One could go wild with the `ParquetFrameField` which relies on a popular format which should also be readable by R. 
The ParquetFrameField is a lot more potent than the FrameField and relies on the `pyarrow` package. Here the frame is converted
in a bytestream rather than a json document. Users gain speed, save space and it's possible to work with larger frames.
```python
class Maffay(Document):
    # we support the engine and compression argument as in .to_parquet in pandas
    frame = ParquetFrameField(engine="pyarrow", compression=None)

maffay = Maffay()

# the magic happens in the background. The frame is converted in parquet byte stream and stored in the MongoDB.    
maffay.frame = pd.DataFrame(...) # some very large DataFrame, note that column names have to strings.

# reading the frame applies the same magic again.
print(maffay.frame)
```

#### Documents
In most cases we have copies of very similar documents, e.g. we store Portfolios and Symbols rather than just a Portfolio or a Symbol.
For this purpose we have developed the abstract `XDocument` class relying on the Document class of MongoEngine.
It provides some convenient tools to simplify looping over all or a subset of Documents of the same type, e.g.

```python
from antarctic.Document import XDocument
from antarctic.PandasFields import SeriesField

client = connect(db="test", host="mongomock://localhost")

class Symbol(XDocument):
    price = SeriesField()
```
We define a bunch of symbols and assign a price for each (or some of it):
```python
s1 = Symbol(name="A", price=pd.Series(...)).save()
s2 = Symbol(name="B", price=pd.Series(...)).save()

# We can access subsets like
for symbol in Symbol.subset(names=["B"]):
    print(symbol)

# often we need a dictionary of Symbols:
Symbol.to_dict(objects=[s1, s2])

# Each XDocument also provides a field for reference data:
s1.reference["MyProp1"] = "ABC"
s2.reference["MyProp2"] = "BCD"

# You can loop over (subsets) of Symbols and extract reference and/or series data
print(Symbol.reference_frame(objects=[s1,s2]))
print(Symbol.frame(series="price"))
print(Symbol.apply(f=lambda x: x.price.mean(), default=np.nan))
```

The XDocument class is exposing DataFrames both for reference and time series data.
There is an `apply` method for using a function on (subset) of documents. 

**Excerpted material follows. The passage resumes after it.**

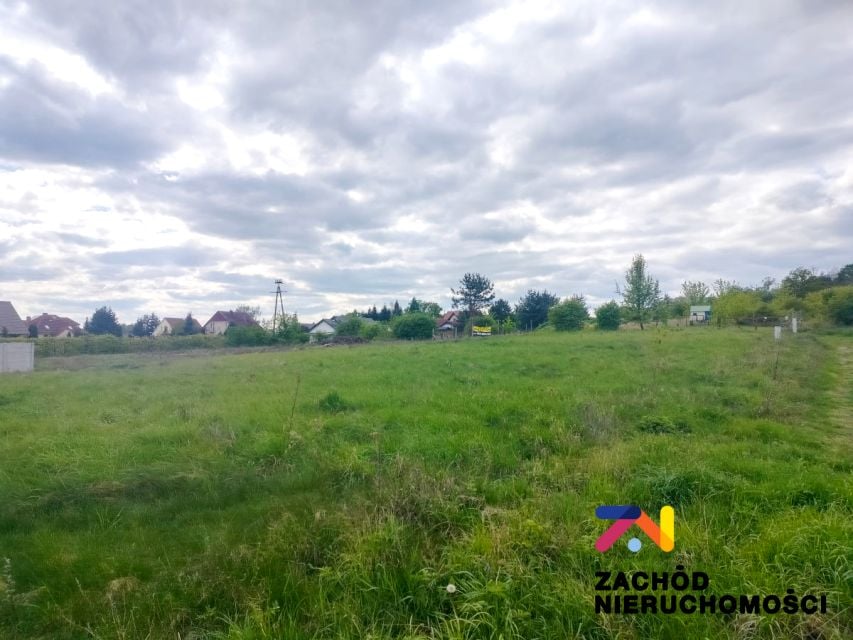 Zdjęcie 2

### Database vs. Datastore

Storing json or bytestream representations of Pandas objects is not exactly a database. Appending is rather expensive as one would have
to extract the original Pandas object, append to it and convert the new object back into a json or bytestream representation.
Clever sharding can mitigate such effects but at the end of the day you shouldn't update such objects too often. Often practitioners
use a small database for recording (e.g. over the last 24h) and update the MongoDB database once a day. It's extremely fast to read the Pandas objects
out of such a construction.

Often such concepts are called DataStores.